Future Perfect, by VNV Nation: Given to me by napoleons_mommy at the same time as the above, so I suspect it also comes from Farmboy. This is a really excellent album -- a bit less dance-focused, but complex and fascinating, holding together well *as* an album. The style reminds me oddly of good Peter Gabriel: that's partly the lead vocals (the voice is just plain similar), but there's also something in the slightly dark tone that strikes me there. I'll probably need to get a real copy of this, because I do intend to listen to it more.

Debasement Tapes and Plugged, by Tom Smith: For quite some time now, ladysprite has been telling me that I absolutely need to get to know the works of filkertom; more recently, tpau had been joining in. So when he showed up as Filk GoH at Arisia, we went to hear him, and I was hooked. This is good, classic, fun filk. So, being me, I ordered all of his albums off the Web.

His cassettes are actually his best work, IMO. Debasement Tapes has a bunch of very good filk, but isn't quite on the level of Domino Death or Who Let Him In Here?, which are start-to-finish brilliant. Plugged is fully orchestrated music, which is interesting and occasionally great, but overall doesn't quite work IMO. Only one of his prior songs -- Rocket Ride -- is at all improved by the orchestration, and that only slightly. A bit too much of the music is conspicuously synth, which just feels less rich and real than the plain guitar that he mostly uses, and only two of the songs -- Bermuda Triangle and Mand(e)la -- really work great with it. Really, the best song on the album is the a capella Falling Free, which is flat out gorgeous. (But not quite new: ladysprite introduced me to it a few months ago.)
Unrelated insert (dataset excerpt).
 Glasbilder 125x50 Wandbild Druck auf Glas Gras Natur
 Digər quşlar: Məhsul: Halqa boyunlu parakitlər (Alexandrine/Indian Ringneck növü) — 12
Underwater Moonlight, by The Soft Boys: I bought this at a used record store, which had noted that this is Robyn Hitchcock's old band. I'm very fond of his work, so I gave it a try. It turns out to be a classic example of the artist as work-in-progress. It's a two-disc set: the first disc is apparently their greatest hits, and the second is their earliest tapes. The former isn't bad, and is *very* recognizable as Hitchcock, with the signature Daliesque lyrics and very slightly flat sliding vocals. The latter is interesting, if painful, mostly interesting in showing the band's evolution from dreadful garage band with potential to reasonably professional band. Still, there's nothing here that's on the same plane as Fegmania or his other later work.

Avenue Q: The Soundtrack: The first full album I've ever downloaded. This was played in the background at a party over at ladysprite's a while ago, and I was intrigued by what I heard of it, so I bought it from iTunes. It was described to me as "Sesame Street meets Rent", which is a pretty apt characterization. The songs are fun, catchy and at times savagely satirical -- the muppetesque aspect only shows up now and then, but is bizarrely funny when it does. I suspect that this is one of those soundtracks that I'm going to have memorized before I ever get around to seeing the show itself.

Yes, by Yes: This is a great example of just how good a really talented band can be when they're just starting out. Back in 1969, the band wasn't quite fully formed yet -- the style is a shade jazzier than where they would wind up (rather like early Jethro Tull in that regard), the distinctive Yes sound not completely there yet. But it's already close: both the orchestrations and Jon Anderson's voice are already unmistakeable on almost every track. It's not their best album by a long ways, but it's impressively good for a group that was just beginning to change the landscape. And it proves that they could make good music even without Roger Dean covers.